WASHINGTON -- NAFTA negotiating teams will keep bargaining through the weekend in a rush to get a deal by early May, fuelled by a Trump administration desire to meet a legislative deadline.

Those teams kept talking while their political masters leading the process left Washington on Friday, with plans to reconvene there early next week.

"You can call this a perpetual negotiating round," Foreign Affairs Minister Chrystia Freeland said, before departing for the weekend.

"We have had some very energetic and productive conversations."

She and her Mexican colleague are both rejecting the idea of deadline pressure, insisting there is no requirement to get everything done by some specific date: "It will take as long as it takes to get a great win-win deal," Freeland said.
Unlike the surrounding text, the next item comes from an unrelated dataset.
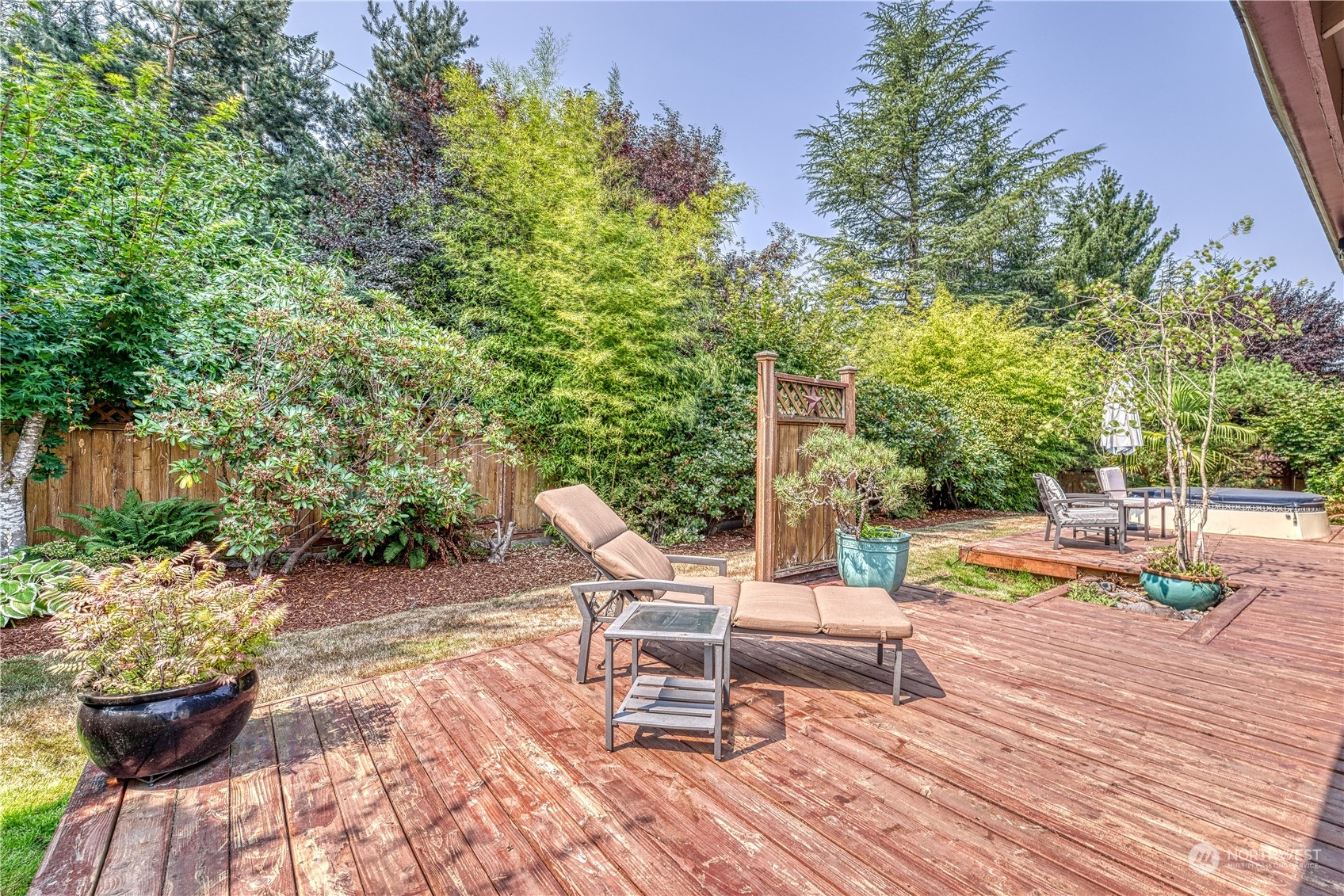7720 Insel Avenue Gig Harbor, WA 98335 - Photo 25 of 29 a swimming pool with barbeque oven and outdoor seating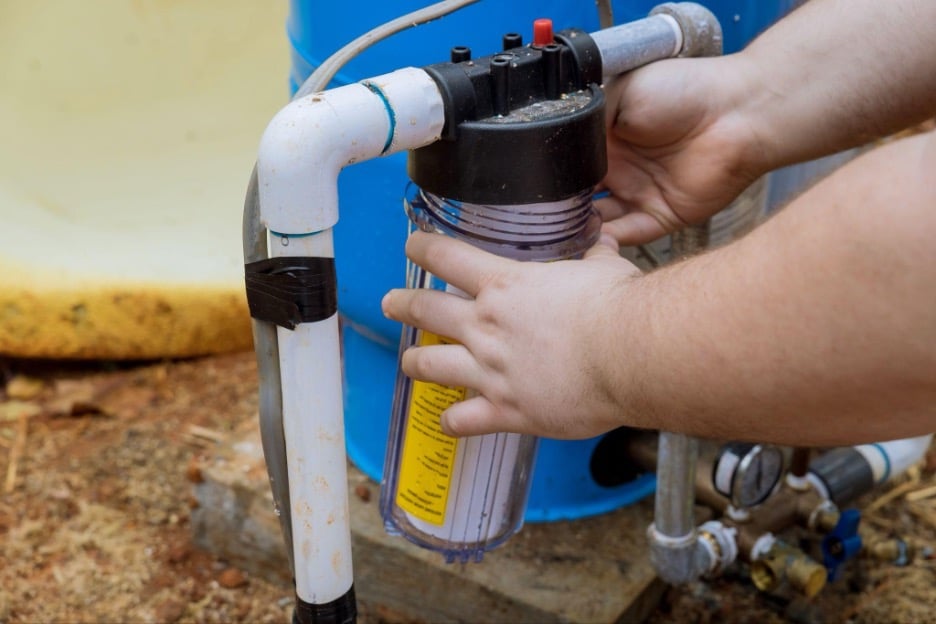 Homeowner performing routine maintenance on a whole house water filtration system for home in Dallas TX. 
But the Trump administration has political reasons to hurry. There are just weeks left to meet the legislative deadlines for ratifying a deal in the U.S. Congress this year.

The administration is keen to have the agreement ratified under the current, friendlier, Republican-led Congress, as polls show a potential transfer in power after the November midterms.

The White House has been weighing different hardball tactics to force the Congress to move quickly on ratification and one involves a dramatic threat to cancel the existing NAFTA if lawmakers don't approve the new one.

That carrot-and-stick tactic would be extremely high-risk, said Phil Levy, a former trade economist for George W. Bush and a senior fellow at the Chicago Council on Global Affairs.

It would see President Donald Trump invoke the six-month termination clause allowing a president to later pull out of NAFTA and let that risk hang over lawmakers as they deliberate over the new agreement.

It's a strategy Trump has tried before on immigration, so far without success -- he cancelled an executive order granting clemency to young migrants and pressed Congress to restore that clemency in a more comprehensive immigration law, which has not happened.

"The administration does not appear to have thought through a viable conclusion for its NAFTA strategy," Levy said Friday.

Another possibility rumoured to be under discussion is Trump revising NAFTA by executive order. Other governments have done it in the past -- the agreement actually lets them tinker with several important details, namely automobile rules of origin.

And auto changes are actually the centrepiece of the new pact, Freeland said.

Sources say negotiators are extremely close to an agreement on that issue and are now discussing fine details, like whether to require that a certain percentage of a car be produced by workers making $15 an hour, $16, or a varying range between $16-19, or whether that dollar threshold should be a median of wages in all three countries.

However, Mexico's Ildefonso Guajardo dismissed the idea that a new NAFTA will be just about cars.

"No, no, no," he said.

"There is no sense to modernize the NAFTA, to upgrade the NAFTA, if it's not based on what you have built in the original one plus new items that have to be (added) according to modernity and the new economy."

He said negotiators are well advanced in adjustments to telecommunications, energy and digital trade rules.